In column (1), a clear pattern emerges: The value of energy efficiency is largest for the youngest group. As buildings get older, the value associated to EPS decreases, from 2.12 Euro per 1 \(\hbox {kWh}/[\hbox {m}^2 \cdot \hbox {a}]\) reduction in EPS, to 1.98 in the middle group, to 1.47 in the youngest group. This pattern fits well the idea that the remaining lifetime of the energy efficiency investment is important for its valuation.

The regression in column (2) makes the three groups more comparable by adjusting the sample in the following way: The smallest age group of buildings between 16 and 23 years old was chosen as the reference group. Before the model was estimated, the reference group’s age distribution was imposed on the other two groups by dropping observations from years that are over-represented.Footnote 12 The results remain stable.

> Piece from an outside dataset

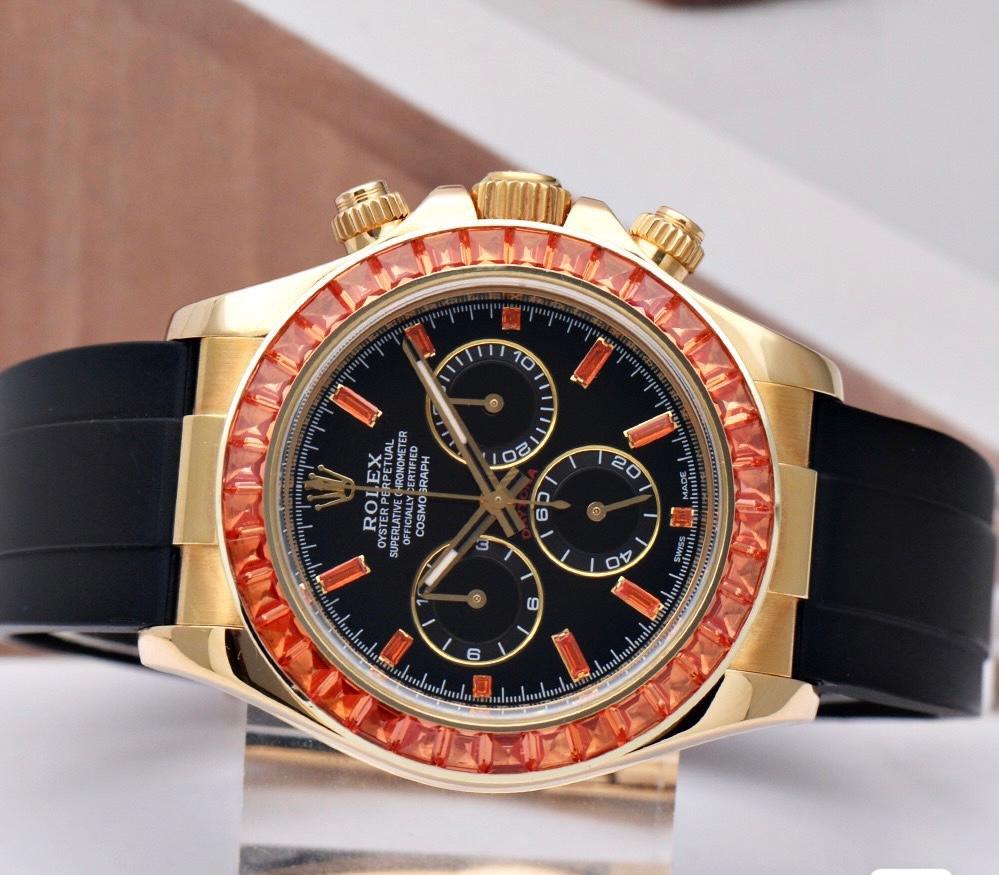 Xelor Watches Rolex Daytona Ln Yellow Gold Oysterflex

However, the correlation between EPS and (unobserved) building quality might not be equally strong in the three age groups, so that the pattern of coefficients could represent quality bias rather than differences in the valuation of EPS. Table 11 in the Appendix displays a regression of EPS on building age indicators and an interaction of the building age groups with a dummy for high or luxury quality. It shows that the relationship is indeed stronger for the middle and oldest age groups. This potentially reflects the fact that minimum energy efficiency requirements have increased in recent years, forcing all younger buildings to be relatively efficient. This reduces the strength of the relationship between EPS and quality. This suggests that there is less quality bias for younger buildings, so that the age-EPS valuation profile might be somewhat steeper than in Table 10. A second shortcoming of the results are potential measurement errors of the building age variable, as noted above. The results from Table 10 thus need to be interpreted with caution.

6.4 Discussion of Results

Taken as a whole, the results suggest that, in parts, energy efficiency is taken into account in an economically meaningful way by sellers of residential houses in Germany. However, potential cost savings are not always and everywhere calculated correctly. According to Giulietti et al. (2005), switching costs reduce considerably the propensity to switch electricity supplier. Hence, if costs related to switching the gas supplier are perceived to be high, ignoring gas price differences can be interpreted as “rational inattention” (Sallee 2014). Variation in local gas prices or climate did not influence the value of EPS (Sect. 6.1). Additionally, there were no significant differences in the value of EPS across heating fuel type, even though the price of electricity was at least three times the price of gas in the past 24 years. Given the large potential savings in this case, this latter result cannot be explained by rational inattention alone. In line with this finding, recent survey results suggest that there is considerable heterogeneity of behaviour w.r.t. energy efficiency across households (Ramos et al. 2016).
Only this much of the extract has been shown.